17.6.03

Destrucción masiva


Una vez los yugoslavos compraban pan, mandaban a sus hijos a la escuela y se aburrían por la tarde. A la mañana siguiente amanecieron metidos en una ducha de balazos de la que no habrían de salir en una década. Y no es que todas las sociedades --ni siquiera es el caso de la que conformaban los eslavos del sur-- sean un hervidero de odios que tarde o temprano hacen saltar la tapa del recipiente. El problema es que la convivencia pacífica y el imperio de la legalidad son cáscaras muy delgadas como para resistir mucho tiempo los bruscos movimientos del conjunto de seres vivos.

Los estadistas suelen ser demasiado vanidosos para aceptarlo en público pero, si se les confronta con la durabilidad de sus obras, están más cerca de los jardineros que de los constructores de pirámides. Un invierno económico crudo puede terminar con el más apacible de los jardines sociales y dejarlo hecho un lodazal sangriento.

Los jefes de los gobiernos europeos saben --aunque no lo reconozcan abiertamente-- que su remanso continental y sus seis décadas de paz pueden ser un paréntesis precario. Con la excepción de Hiroshima y Nagasaki, los peores excesos bélicos que ha visto el mundo han ocurrido en tierras del Viejo Continente, hoy convertido en profesor planetario de paz. Es un tanto extraño que el maestro imparta su asignatura con los bolsillos llenos de portaaviones, bombas atómicas, misiles de largo alcance, submarinos y cazabombarderos de última generación. Actualmente Europa occidental es, después de Estados Unidos, el sitio con mayores instrumentos de destrucción per cápita.

Tal vez sea por eso que la Unión Europea ejerce su ministerio con cierto grado de pavor. El profesor pacifista sabe que, en cualquier momento, puede convertirse en un criminal violento e incontrolable: cuenta con los medios y tiene graves antecedentes por homicidio. A fin de cuentas, la diferencia histórica entre África y Europa no estaba tanto en el grado de refinamiento de sus civilizaciones cuanto en la sofisticación tecnológica de sus arsenales, y así sigue siendo. Cuando huele a petróleo la democracia británica con todo y sus lores, sus comunes, su corona y su Tate Gallery, se transforma en un simio aullante que la emprende a garrotazos contra el propietario del yacimiento.
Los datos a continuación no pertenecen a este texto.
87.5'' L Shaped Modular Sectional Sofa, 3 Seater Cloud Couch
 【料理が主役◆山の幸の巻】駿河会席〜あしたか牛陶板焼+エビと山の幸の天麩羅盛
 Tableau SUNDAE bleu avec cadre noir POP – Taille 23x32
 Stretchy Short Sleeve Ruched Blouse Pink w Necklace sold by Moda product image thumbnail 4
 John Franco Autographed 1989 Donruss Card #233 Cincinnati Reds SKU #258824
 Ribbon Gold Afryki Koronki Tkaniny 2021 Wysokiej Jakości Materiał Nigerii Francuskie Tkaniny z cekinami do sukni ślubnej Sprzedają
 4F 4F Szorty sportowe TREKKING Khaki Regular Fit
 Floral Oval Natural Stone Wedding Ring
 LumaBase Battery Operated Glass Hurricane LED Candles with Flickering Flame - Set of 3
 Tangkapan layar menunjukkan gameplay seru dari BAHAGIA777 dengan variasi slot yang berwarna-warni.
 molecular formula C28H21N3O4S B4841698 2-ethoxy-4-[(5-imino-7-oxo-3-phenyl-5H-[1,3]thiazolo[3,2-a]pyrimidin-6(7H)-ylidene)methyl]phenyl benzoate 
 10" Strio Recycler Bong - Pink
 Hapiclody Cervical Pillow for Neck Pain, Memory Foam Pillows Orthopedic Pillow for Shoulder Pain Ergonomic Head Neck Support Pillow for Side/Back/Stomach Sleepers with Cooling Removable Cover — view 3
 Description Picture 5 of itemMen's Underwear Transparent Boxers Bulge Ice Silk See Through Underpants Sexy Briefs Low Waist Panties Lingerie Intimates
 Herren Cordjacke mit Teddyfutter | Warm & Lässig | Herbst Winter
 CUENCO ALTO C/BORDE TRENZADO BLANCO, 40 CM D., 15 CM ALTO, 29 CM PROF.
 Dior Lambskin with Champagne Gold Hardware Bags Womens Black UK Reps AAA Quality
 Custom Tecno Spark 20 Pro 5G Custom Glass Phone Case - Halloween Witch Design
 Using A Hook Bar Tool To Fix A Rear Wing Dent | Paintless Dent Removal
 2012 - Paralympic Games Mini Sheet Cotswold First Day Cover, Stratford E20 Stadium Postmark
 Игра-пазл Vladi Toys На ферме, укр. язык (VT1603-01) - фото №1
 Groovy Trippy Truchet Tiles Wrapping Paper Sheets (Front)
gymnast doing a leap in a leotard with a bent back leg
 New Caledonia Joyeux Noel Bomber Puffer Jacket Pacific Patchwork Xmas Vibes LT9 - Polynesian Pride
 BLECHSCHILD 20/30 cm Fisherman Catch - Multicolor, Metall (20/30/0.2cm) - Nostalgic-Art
Ahora, en su advocación de prefecto de escuela, la Unión Europea ordena la confiscación universal de las armas de destrucción masiva y amenaza con usar su propia fuerza contra los rebeldes que se nieguen a entregarlas. El documento aprobado ayer en Luxemburgo por los cancilleres de la unión debe considerarse como una pieza meramente literaria, porque a nadie en su sano juicio se le ocurre que los ejércitos europeos vayan a quitarle por la fuerza sus bombas atómicas a Israel, Pakistán o India. La “universalización” del desarme prevista en el acuerdo no ha de incluir, por supuesto, el desmantelamiento de los artefactos nucleares franceses e ingleses y menos los estadunidenses, rusos o chinos y no será, en consecuencia, tan universal como se pretende.

La cáscara de la convivencia pacífica es frágil y precaria. El traje del profesor de paz es muy delgado como para ocultar la pelambre de pitecántropo que todavía crece en la piel de Europa.